SOC 404. Special Topics in Sociology 4 hours
A seminar providing examination and discussion of various topics on contemporary and historical interest in sociology. Prerequisite: Permission of the instructor.
 
SOC 405. Internship in Sociology 1-4 hours
An internship is designed to provide a formalized experiential learning opportunity to qualified students. The internship generally requires the student to obtain a faculty supervisor in the relevant field of study, submit a learning agreement, work 30 hours for every hour of academic credit, keep a written journal of the work experience, have regularly scheduled meetings with the faculty supervisor, and write a research paper dealing with some aspect of the internship.

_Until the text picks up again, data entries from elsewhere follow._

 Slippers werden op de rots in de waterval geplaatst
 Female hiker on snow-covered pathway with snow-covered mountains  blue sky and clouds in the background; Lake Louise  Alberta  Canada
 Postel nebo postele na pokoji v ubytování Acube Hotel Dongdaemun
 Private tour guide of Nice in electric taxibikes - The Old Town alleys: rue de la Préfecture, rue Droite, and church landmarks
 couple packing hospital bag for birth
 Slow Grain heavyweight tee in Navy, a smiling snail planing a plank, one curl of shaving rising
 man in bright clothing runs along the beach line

Written work should total five pages of academic writing for every hour of credit. An extensive list of internships is maintained by the Career Services Office, including opportunities at the Gainesville/Hall Senior Center, the Georgia Bureau of Investigation, and the Partnership Against Domestic Violence. Graded on a satisfactory/unsatisfactory basis. Prerequisites: Permission of the faculty supervisor and qualification for the internship program.
 
SOC 406. Independent Study in Sociology 1-4 hours
An intense study of diverse topics under the direct supervision of the instructor. Prerequisite: Submission of a proposed outline of study that includes a schedule of meetings and assignments approved by the instructor, the division chair, and the Provost and Senior Vice President prior to registration.
 
SOC 407. Internship in American Studies 1-4 hours
An internship is designed to provide a formalized experiential learning opportunity to qualified students. The internship generally requires the student to obtain a faculty supervisor in the relevant field of study, submit a learning agreement, work 30 hours for every hour of academic credit, keep a written journal of the work experience, have regularly scheduled meetings with the faculty supervisor, and write a research paper dealing with some aspect of the internship. Written work should total five pages of academic writing for every hour of credit. An extensive list of internships is maintained by the Career Services Office. Graded on a satisfactory/unsatisfactory basis. Prerequisites: Permission of the faculty supervisor and qualification for the internship program.